BEGIN

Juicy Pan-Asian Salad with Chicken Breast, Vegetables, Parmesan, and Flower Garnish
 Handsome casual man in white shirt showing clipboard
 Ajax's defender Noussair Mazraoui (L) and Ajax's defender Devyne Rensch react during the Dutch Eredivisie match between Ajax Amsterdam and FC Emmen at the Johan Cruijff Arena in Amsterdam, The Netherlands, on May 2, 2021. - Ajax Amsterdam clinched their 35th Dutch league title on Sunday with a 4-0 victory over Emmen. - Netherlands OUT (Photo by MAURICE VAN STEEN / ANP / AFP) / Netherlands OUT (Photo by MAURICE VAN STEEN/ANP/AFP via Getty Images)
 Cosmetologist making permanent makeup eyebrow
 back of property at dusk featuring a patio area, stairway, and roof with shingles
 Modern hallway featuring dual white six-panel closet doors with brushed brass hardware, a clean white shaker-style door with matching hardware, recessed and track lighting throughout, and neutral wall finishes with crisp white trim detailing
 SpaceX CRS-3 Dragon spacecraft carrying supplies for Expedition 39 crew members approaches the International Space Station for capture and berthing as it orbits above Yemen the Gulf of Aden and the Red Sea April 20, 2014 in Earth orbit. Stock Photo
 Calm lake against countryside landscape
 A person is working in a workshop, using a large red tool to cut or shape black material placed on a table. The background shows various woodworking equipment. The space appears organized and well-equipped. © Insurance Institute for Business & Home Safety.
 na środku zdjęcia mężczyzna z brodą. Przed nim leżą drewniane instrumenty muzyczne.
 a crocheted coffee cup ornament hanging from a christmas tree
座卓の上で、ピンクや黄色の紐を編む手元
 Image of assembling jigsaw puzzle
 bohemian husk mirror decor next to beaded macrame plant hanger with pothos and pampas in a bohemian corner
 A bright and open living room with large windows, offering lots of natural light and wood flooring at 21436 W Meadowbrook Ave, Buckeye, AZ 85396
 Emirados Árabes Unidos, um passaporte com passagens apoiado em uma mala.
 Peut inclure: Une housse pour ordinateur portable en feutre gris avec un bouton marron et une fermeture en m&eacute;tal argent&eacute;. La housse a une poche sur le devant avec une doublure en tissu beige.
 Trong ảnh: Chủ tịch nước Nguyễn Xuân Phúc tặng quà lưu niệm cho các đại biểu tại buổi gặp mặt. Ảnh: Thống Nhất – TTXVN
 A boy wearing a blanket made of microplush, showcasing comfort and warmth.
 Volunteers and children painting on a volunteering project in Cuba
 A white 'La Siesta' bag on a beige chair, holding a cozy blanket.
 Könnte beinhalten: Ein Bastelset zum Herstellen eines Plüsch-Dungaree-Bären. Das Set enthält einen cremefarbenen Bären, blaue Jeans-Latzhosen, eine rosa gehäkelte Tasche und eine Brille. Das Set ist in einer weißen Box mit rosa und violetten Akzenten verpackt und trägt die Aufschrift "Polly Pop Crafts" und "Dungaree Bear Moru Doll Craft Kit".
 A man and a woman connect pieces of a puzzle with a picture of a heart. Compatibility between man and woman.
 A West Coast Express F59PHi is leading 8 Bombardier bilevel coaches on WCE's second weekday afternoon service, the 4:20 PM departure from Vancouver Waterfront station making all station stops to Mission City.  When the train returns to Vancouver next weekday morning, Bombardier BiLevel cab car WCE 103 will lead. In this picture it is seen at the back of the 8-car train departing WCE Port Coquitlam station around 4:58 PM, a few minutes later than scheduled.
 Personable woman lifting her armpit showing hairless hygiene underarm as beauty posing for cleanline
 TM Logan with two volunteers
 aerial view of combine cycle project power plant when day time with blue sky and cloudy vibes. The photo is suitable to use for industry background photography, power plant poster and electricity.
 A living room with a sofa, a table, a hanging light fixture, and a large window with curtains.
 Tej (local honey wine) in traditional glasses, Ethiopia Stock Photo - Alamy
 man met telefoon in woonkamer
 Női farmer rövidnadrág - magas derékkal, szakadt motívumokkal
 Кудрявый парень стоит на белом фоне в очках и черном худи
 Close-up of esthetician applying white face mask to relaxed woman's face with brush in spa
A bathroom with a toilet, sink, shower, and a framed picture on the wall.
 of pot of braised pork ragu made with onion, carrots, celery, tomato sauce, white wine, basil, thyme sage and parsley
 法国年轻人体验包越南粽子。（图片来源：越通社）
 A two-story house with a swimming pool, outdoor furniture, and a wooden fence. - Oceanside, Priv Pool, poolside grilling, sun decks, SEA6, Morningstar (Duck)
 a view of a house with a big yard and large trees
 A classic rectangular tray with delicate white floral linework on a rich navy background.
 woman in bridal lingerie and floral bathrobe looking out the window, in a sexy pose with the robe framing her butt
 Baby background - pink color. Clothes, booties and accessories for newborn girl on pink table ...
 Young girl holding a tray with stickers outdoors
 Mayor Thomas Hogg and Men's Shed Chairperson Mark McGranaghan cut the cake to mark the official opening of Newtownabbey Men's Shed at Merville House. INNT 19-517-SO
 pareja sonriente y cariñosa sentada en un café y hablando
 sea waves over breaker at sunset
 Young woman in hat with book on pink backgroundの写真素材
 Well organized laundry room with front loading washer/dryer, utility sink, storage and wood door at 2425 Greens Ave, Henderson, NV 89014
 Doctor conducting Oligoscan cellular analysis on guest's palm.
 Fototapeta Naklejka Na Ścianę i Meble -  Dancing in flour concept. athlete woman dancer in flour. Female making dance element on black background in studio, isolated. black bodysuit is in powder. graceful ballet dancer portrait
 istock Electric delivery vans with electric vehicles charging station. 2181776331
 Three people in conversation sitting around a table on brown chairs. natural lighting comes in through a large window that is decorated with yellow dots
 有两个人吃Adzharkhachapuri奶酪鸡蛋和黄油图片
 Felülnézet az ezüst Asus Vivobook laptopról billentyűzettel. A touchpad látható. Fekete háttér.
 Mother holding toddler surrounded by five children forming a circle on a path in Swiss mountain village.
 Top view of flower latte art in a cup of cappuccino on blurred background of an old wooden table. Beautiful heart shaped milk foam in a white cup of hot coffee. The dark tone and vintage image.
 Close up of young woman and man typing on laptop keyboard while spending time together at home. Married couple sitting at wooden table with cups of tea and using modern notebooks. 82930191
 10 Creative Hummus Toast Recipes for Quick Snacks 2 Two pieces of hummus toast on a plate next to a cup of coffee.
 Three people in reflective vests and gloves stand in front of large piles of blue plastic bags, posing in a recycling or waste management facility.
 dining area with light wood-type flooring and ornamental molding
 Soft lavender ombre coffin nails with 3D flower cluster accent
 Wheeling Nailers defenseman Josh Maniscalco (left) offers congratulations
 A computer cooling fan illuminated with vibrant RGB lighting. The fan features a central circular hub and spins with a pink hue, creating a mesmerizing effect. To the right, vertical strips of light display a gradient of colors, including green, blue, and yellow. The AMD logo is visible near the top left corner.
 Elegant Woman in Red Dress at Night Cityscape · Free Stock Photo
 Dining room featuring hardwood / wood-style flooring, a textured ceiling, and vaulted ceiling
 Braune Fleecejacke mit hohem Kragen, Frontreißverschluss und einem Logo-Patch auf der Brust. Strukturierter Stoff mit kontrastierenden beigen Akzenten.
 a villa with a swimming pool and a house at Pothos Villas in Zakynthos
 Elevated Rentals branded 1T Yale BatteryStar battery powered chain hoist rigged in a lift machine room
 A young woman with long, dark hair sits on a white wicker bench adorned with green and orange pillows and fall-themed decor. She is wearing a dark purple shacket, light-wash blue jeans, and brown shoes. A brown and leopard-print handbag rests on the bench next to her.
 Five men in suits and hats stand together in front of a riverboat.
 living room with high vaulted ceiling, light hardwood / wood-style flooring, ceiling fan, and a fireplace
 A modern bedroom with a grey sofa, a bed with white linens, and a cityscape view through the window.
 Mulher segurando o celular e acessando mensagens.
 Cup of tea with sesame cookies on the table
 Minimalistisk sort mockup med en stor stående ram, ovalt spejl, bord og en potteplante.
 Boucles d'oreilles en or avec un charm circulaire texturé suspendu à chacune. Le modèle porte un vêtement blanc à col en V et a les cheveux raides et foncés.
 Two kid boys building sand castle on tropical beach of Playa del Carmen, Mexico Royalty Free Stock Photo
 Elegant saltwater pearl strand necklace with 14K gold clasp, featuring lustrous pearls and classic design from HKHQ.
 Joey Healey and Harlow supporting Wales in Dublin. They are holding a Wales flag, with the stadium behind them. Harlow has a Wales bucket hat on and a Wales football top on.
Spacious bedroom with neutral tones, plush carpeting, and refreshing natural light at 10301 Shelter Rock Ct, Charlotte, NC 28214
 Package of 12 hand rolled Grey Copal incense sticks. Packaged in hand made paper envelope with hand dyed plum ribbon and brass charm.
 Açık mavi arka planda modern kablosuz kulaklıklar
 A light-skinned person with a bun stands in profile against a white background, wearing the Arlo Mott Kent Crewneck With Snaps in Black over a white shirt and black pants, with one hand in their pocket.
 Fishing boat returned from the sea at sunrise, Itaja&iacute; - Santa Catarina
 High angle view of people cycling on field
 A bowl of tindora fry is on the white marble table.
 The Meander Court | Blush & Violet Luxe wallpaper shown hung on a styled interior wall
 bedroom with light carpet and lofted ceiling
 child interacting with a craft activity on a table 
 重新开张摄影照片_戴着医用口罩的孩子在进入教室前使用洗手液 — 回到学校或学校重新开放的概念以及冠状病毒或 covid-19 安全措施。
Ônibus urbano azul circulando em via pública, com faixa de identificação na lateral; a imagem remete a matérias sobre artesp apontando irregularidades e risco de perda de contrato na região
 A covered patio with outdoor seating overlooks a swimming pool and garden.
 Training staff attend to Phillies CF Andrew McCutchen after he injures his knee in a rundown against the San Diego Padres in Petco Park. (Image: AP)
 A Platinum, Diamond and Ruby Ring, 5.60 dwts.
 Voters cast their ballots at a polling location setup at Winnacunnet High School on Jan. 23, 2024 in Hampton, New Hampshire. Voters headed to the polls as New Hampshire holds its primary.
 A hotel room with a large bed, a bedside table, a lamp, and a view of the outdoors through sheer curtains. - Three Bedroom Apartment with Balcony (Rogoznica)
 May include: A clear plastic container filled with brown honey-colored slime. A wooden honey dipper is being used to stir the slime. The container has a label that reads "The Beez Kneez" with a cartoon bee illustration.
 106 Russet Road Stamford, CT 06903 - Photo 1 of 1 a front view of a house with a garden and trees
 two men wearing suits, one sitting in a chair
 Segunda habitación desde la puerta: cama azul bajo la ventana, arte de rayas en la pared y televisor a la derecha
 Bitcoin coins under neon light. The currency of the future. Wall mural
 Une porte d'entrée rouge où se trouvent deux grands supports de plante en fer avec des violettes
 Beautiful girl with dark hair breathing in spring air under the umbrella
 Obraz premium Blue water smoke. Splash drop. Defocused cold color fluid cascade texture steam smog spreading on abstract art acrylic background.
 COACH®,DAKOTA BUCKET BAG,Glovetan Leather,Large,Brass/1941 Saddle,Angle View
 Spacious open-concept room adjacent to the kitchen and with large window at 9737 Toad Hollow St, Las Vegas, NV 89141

END

EXERCISE BRIEF - For this exercise, please output exactly the lines above starting at the line with "Training staff attend" and ending at the line with "Voters cast their", ends included.

WORKED SOLUTION -
 Training staff attend to Phillies CF Andrew McCutchen after he injures his knee in a rundown against the San Diego Padres in Petco Park. (Image: AP)
 A Platinum, Diamond and Ruby Ring, 5.60 dwts.
 Voters cast their ballots at a polling location setup at Winnacunnet High School on Jan. 23, 2024 in Hampton, New Hampshire. Voters headed to the polls as New Hampshire holds its primary.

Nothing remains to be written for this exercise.